_INFORMATION PROVIDED_
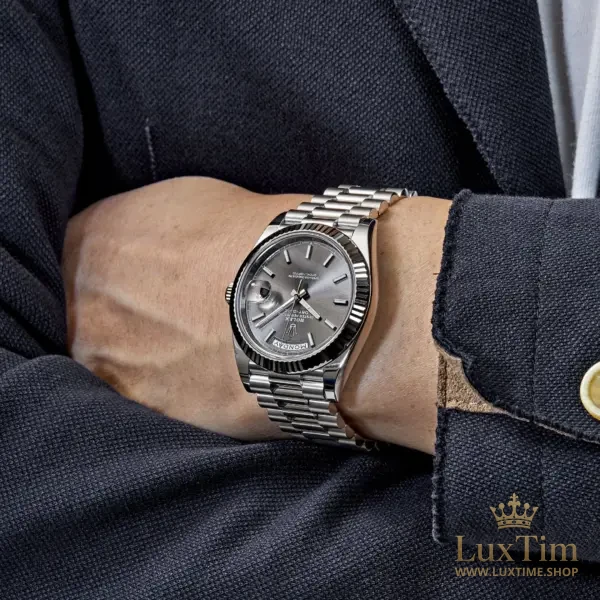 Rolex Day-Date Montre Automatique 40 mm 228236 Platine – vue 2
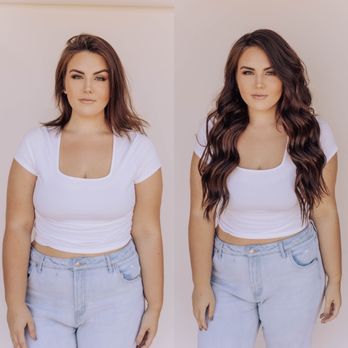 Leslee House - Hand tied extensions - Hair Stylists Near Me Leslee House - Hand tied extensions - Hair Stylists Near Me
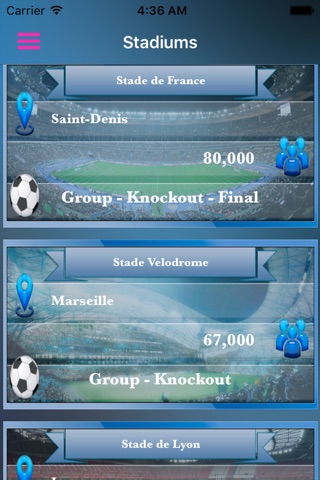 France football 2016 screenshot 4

_EXERCISE REQUIREMENTS_
The finished copy should match the data above word for word and contain no pictures.

_OUTPUT_
 Rolex Day-Date Montre Automatique 40 mm 228236 Platine – vue 2
 Leslee House - Hand tied extensions - Hair Stylists Near Me Leslee House - Hand tied extensions - Hair Stylists Near Me
 France football 2016 screenshot 4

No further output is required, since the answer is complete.